Attenuation, Delay and Spatial Propagation of Pumping Effects: Response Functions and Double-Entry Accounting

Tuesday, April 13, 2010: 3:05 p.m.
Lawrence A/B (Westin Tabor Center, Denver)
Bryce A. Contor , Idaho Water Resources Research Institute, Idaho Falls, ID
When the prior-appropriation administration of groundwater use and surface-water use are linked, it becomes necessary to quantify in time and space the depletion effects that pumping has upon surface water.  The propagation of pumping effects is dampened and delayed in transit through the aquifer.  If more than one surface-water body is hydraulically connected to the aquifer, the pumping effect must be partitioned between the surface-water bodies for just and equitable administration of prior appropriation.

In large aquifers such as the Eastern Snake River Plain Aquifer of Idaho, different pumping locations can vary trememdously in the degree of dampening and the time of delay of propagation of pumping effects.  Simple mass-balance accounting that ignores temporal differences in matching mitigation to pumping can injure surface-water right holders and natural systems.

One administrative alternative is the individual calculation of depletionary effects for each individual transaction (i.e. withdrawal permit application or change in point of diverison application).  This has proven to be costly and time consuming.
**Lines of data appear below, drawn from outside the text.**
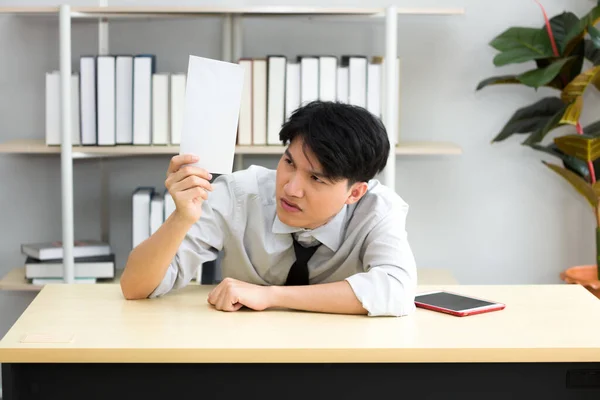 Empregado Masculino Ficou Confuso Chocado Quando Recebeu Uma Carta Disparada — Fotografia de Stock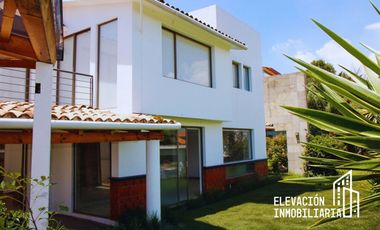 Residencia en Venta  en La Estadía, Zona Esmeralda con gran jardín
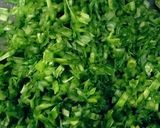 عکس مرحله 5 از دستور خورشت تره کردی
If aquifer response functions are used to quantify the propagation of effects in time and space, all events may be condensed into a "common currency" of time series of effects at surface water bodies.  If double-entry accounting principles from the financial-accounting field are adopted, all impacts and activities can be addressed in a single administrative system.  The power of this mechanism is that it automatically enforces the prior-appropriation "no-harm rule" and at all times maintains a record of past impacts and a projection of future impacts upon surface water resources.

If an administrative goal is to allow market forces to aid economically-efficient exchange and allocation, this mechanism also provides market-requisite transparency, information, and commodity homogeneity.